— Material provided —
* * * * * * * * *

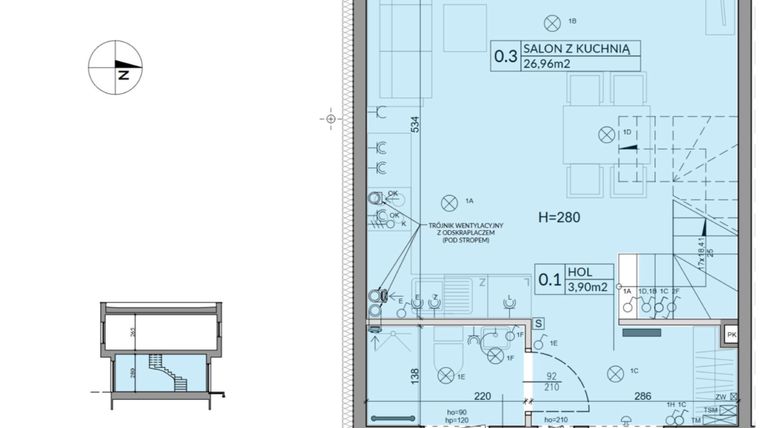 Rzut - Dom na sprzedaż 4 pokoje o powierzchni 74,16 m² - numer 53 w Boska Ksawerowska 2 etap 4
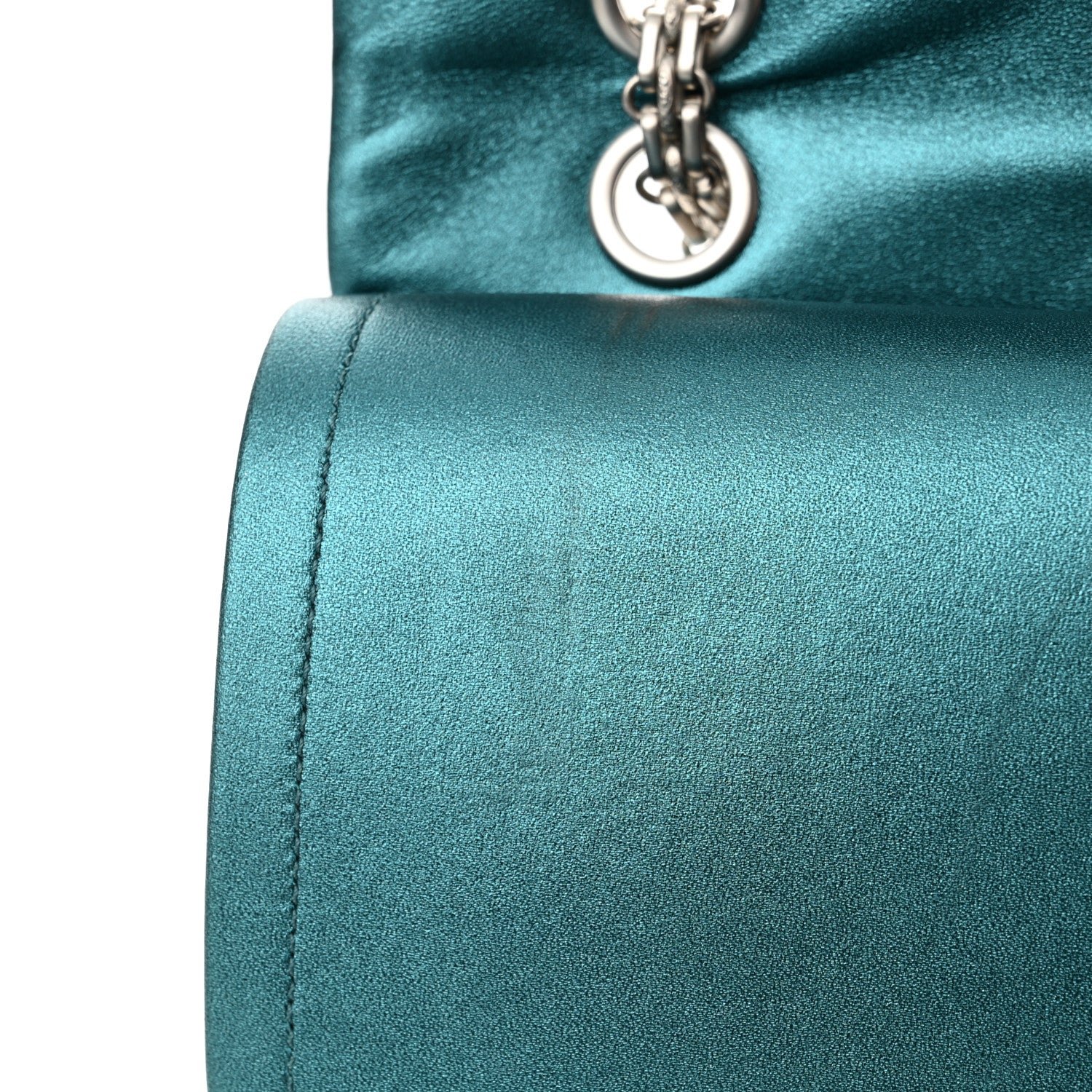 Chanel Metallic Calfskin Quilted 2.55 Reissue Flap 227 Turquoise 12 of 13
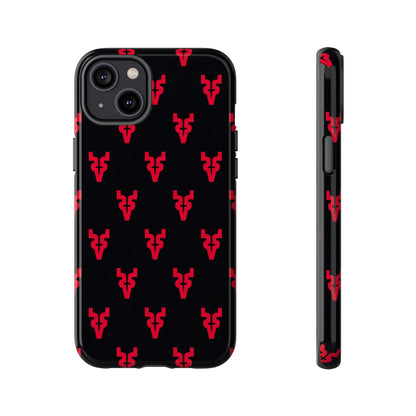 Mazatlán Bull Phone Case – Black Red Streetwear Tough Shockproof Cover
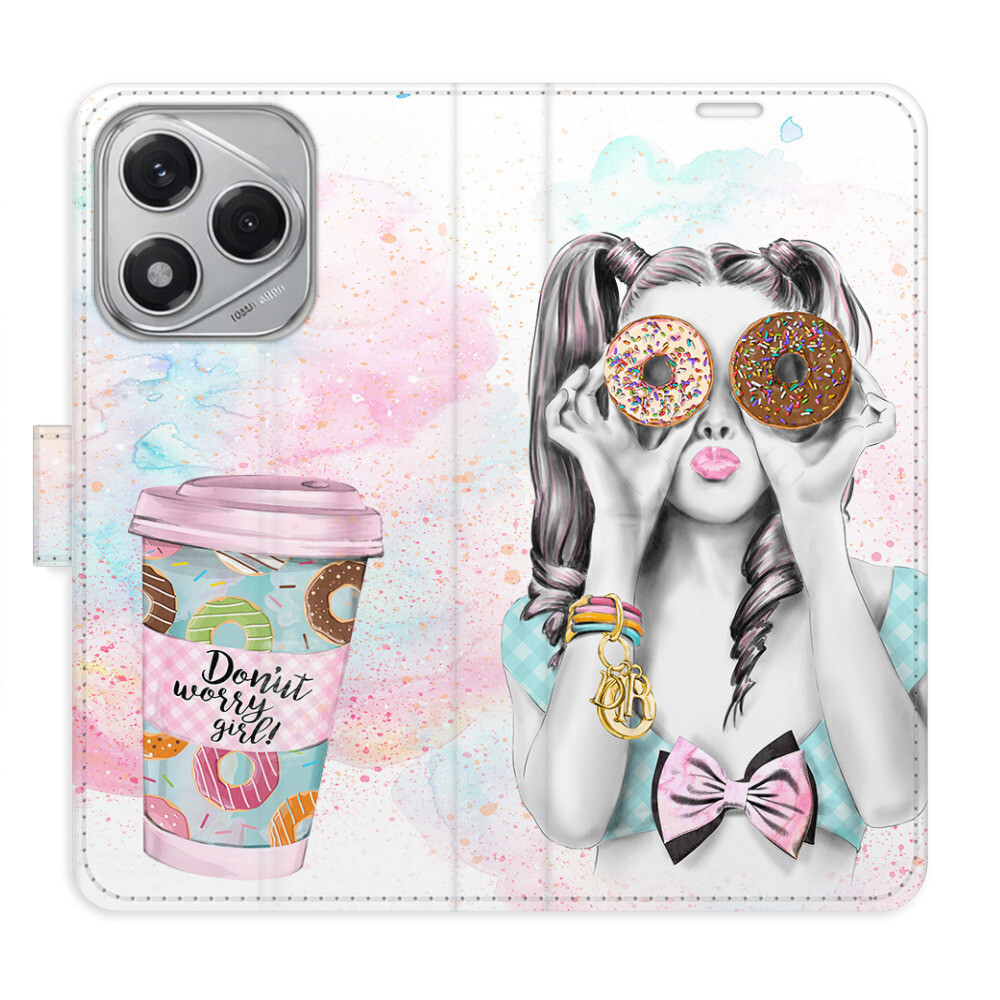 Flipové puzdro iSaprio - Donut Worry Girl - Honor 400 Lite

* * * * * * * * *

— What to produce —
Output the listing above exactly, but leave its pictures behind.

— Solution for this task —
 Rzut - Dom na sprzedaż 4 pokoje o powierzchni 74,16 m² - numer 53 w Boska Ksawerowska 2 etap 4
 Chanel Metallic Calfskin Quilted 2.55 Reissue Flap 227 Turquoise 12 of 13
 Mazatlán Bull Phone Case – Black Red Streetwear Tough Shockproof Cover
 Flipové puzdro iSaprio - Donut Worry Girl - Honor 400 Lite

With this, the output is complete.